A helicopter applies chemicals in a field west of Fresno. File Photo

published on November 8, 2017 - 11:51 AM
Written by David Castellon

Farmers across California will have new rules to comply with starting next year if they use pesticides near schools.

Among those new rules is a prohibition on pesticide applications occurring within a quarter mile of any K-12 schools and licensed daycare centers during the hours when they’re operating, states a press release issued by the California Department of Pesticide Regulations.

“This includes all applications by aircraft, sprinklers, air-blast sprayers and all fumigant applications. In addition, most dust and powder pesticide applications, such as sulfur, will also be prohibited during this time,” the release continues.

Although California has strict regulations governing the use of pesticides, population growth has created a growing number of situations in which schools and daycare facilities are located near or directly adjacent to working farms, increasing the potential for unintended pesticide exposures for children and adults, DPR officials report.

Many California counties have adopted local rules related to pesticide applications near schools and day-care centers, but the state didn’t have an across-the-board standard.
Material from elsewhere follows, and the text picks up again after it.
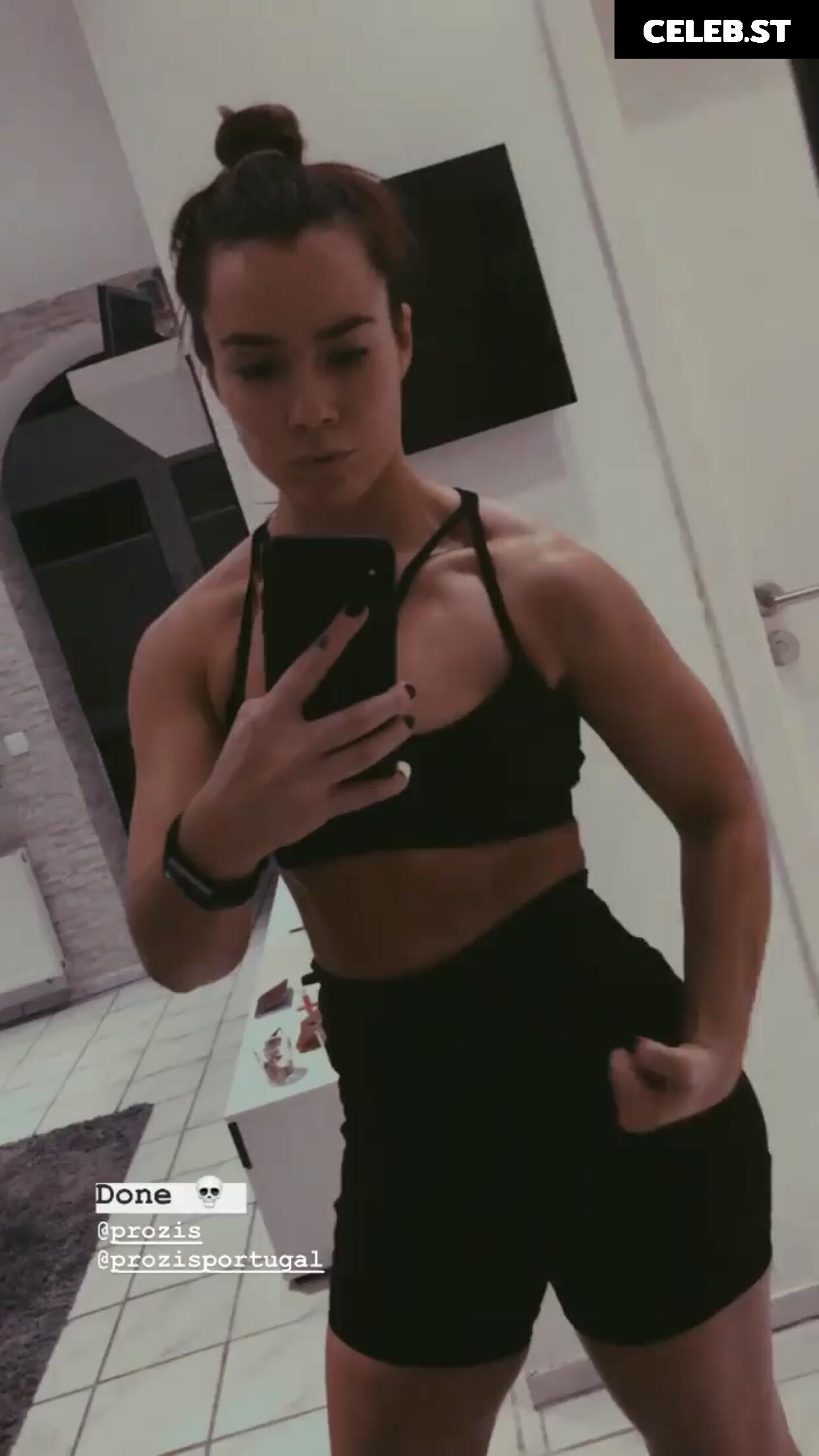 Killer Kelly - Impact Wrestling Image 22958244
The new regulation, which takes effect Jan. 1, 2018, is expected to affect about 4,100 public K-12 schools and licensed child day-care facilities and approximately 2,500 growers in California, the agency reports.

“These rules will help to further protect the health of children, teachers and school staff from unintended pesticide exposure,” Brian Leahy, DPR’s director, said in the press release. “They build on our existing strict regulations and give an additional layer of protection that is now consistent across the state.” 

The rule changes also require farmers to provide annual notifications to schools and daycare facilities on the pesticides expected to be used near them in the upcoming year. County agricultural commissioners also must be notified.

“By providing more information on nearby pesticide applications and increasing communication, the new rules are expected to help schools and daycare centers in responding to potential incidents and inquiries from parents,” DPR’s press release states.

It also allows schools, farmers and county agricultural commissioners to devise alternative application restrictions that provide an equal or greater level of protection than those provided by the new regulation, it continues.